That was so many words wasted to repeat the PRATT "the big bang is god".

The preconditions being fixed creates the illusion that choice does not happen. But the non-contingence is an illusory, because it is clearly the case that not if but WHEN that state structure appears in a different place where the preconditions are different, different things happen.

The lack of freedom seen by hard determinists is an illusion created by their inability to truly understand relativity and that their reference frame is not the only valid one.

The issue is that the big bang has and has never had any directed agency. It didn't intend, it didn't design, and it didn't create any future state.

All of those things are only ever done after, as a function of what things are amid the rules that comprise how things change.

When something is acted upon and as a function of its states redirects that force, we say it is "responsible" for the "decision" on the state. Were other things responsible for directing that force towards the thing? Yes! But that does not change the fact that IT was responsible in ITS time for directing the force once it made its way to that part, and thus that part is responsible for the decision on the force in the moment.
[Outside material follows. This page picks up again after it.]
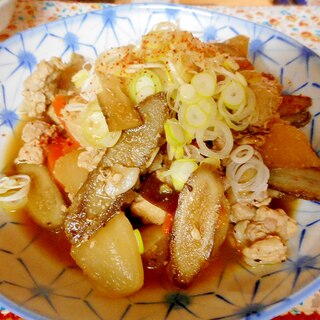 豚コマと高野豆腐と根菜の味噌煮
As others have said this is getting boring and monotonous.
 
That was so many words wasted to repeat the PRATT "the big bang is god".

The preconditions being fixed creates the illusion that choice does not happen. But the non-contingence is an illusory, because it is clearly the case that not if but WHEN that state structure appears in a different place where the preconditions are different, different things happen.

The lack of freedom seen by hard determinists is an illusion created by their inability to truly understand relativity and that their reference frame is not the only valid one.

The issue is that the big bang has and has never had any directed agency. It didn't intend, it didn't design, and it didn't create any future state.

All of those things are only ever done after, as a function of what things are amid the rules that comprise how things change.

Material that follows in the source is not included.